Sabarani mengatakan, miras oplosan itu telah membunuh banyak nyawa. Tidak hanya korban meninggal, tetapi juga membunuh mata pencaharian pedagang bir eceran.
"Mengapa hanya kami yang dilarang berjualan bir. Seharusnya aparat juga melarang penjualan secara bebas bahan kimia yang dijual di apotik dan toko penyedia bahan kimia untuk keperluan rumah tangga yang dipakai sebagai bahan baku oplosan," tutur dia.
Baca Juga
Hingga saat ini, kata dia, memang belum ada korban jiwa akibat oplosan di sejumlah daerah di Banyumas.
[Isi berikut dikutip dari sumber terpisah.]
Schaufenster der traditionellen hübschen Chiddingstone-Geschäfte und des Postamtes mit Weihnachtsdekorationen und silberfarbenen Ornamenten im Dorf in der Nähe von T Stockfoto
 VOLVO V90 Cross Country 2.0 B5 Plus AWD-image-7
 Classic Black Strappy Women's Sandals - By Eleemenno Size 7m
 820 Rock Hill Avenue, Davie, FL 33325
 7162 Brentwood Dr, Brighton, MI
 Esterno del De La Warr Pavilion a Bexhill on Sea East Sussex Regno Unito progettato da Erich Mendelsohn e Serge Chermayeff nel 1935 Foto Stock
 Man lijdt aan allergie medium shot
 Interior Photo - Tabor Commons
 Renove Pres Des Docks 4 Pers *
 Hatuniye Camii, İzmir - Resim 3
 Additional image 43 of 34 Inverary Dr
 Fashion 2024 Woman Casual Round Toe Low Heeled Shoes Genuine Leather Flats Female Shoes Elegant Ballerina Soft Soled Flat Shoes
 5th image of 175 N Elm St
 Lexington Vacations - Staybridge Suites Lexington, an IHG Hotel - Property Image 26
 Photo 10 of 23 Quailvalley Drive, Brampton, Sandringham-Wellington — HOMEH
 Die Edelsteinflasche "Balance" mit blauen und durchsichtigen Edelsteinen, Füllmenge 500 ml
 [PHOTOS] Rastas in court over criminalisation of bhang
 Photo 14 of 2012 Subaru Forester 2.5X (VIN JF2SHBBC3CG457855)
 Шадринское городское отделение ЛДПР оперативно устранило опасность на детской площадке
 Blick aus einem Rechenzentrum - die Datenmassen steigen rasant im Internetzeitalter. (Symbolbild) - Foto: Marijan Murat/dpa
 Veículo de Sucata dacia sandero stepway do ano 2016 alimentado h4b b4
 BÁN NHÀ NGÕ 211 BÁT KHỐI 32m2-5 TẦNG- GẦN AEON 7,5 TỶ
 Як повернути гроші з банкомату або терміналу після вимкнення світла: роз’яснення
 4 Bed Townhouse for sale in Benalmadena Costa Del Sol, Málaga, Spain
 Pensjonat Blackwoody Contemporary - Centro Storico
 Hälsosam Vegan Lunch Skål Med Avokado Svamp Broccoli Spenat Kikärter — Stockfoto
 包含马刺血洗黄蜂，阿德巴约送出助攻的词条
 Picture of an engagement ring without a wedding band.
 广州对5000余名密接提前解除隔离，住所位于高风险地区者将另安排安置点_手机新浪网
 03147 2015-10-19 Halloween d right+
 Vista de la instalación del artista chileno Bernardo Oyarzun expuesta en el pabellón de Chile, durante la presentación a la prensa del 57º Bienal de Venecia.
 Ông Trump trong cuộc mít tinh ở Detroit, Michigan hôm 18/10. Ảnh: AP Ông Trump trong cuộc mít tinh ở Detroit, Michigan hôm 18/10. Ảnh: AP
Namun di lapangan, masyarakat Banyumas sudah mulai mencampurkan minuman beralkohol berkandungan 40 persen dengan bahan kimia yang didapatkan di apotek.
"Mulai maraknya oplosan di Banyumas itu dikarenakan harga bir mengalami kenaikan setelah adanya regulasi pelarangan penjualan minuman beralkohol di sejumlah daerah. Masyarakat mulai mencoba meracik sendiri karena keterbatasan uang membeli bir," ujar Sabarani.
Mereka, kata Sabarani, memilih miras palsu dari luar negeri karena harganya lebih murah dari sebotol bir. Kandungan alkoholnya juga jauh lebih tinggi, sebesar 40 persen.
"Peredaran minuman beralkohol palsu ini akan semakin banyak jika RUU Pelarangan Minuman Beralkohol disahkan oleh DPR RI," ucap dia.
Anak Jadi Dokter karena Bir
Sementara itu, pedagang bir asal Jawa Tengah, Mohammad Rifai mengatakan, Rancangan Undang-Undang (RUU) Pelarangan Minuman Beralkohol mengancam nasib pedagang eceran.
"Pelarangan penjualan bir di tingkat eceran itu tidak adil. Pedagang kecil terus dicekik. Kami dipaksa menyetorkan uang dalam jumlah tertentu kepada oknum agar bisa berjualan, sementara negara telah memungut cukai dan pajak atas produk bir," keluh Rifai.
Rifai mengatakan, banyaknya pungutan tak resmi yang harus dibayarkan menyebabkan harga bir mahal sehingga banyak konsumen yang memilih membeli oplosan.
"Apabila oplosan terus dikonsumsi karena konsumen tak mampu membeli bir, maka generasi muda Indonesia akan kehilangan daya saing dengan generasi muda dari negara lain," tutur Rifai.
Sementara itu, Nurhayati, pedagang lainnya mengatakan pelarangan menjual bir membuat anak-anaknya terancam tidak bisa melanjutkan pendidikan tinggi.
"Anak saya yang pertama berhasil menjadi dokter dan kini sedang melanjutkan pendidikan lanjutan kedokteran. Kini saya harus berpikir cara menyekolahkan anak saya di sekolah tehnik," keluh Nurhayati.
Nurhayati mengaku, selama menjual bir bertahun-tahun lamanya, ia tidak pernah melayani anak-anak belum cukup umur dan remaja membeli bir.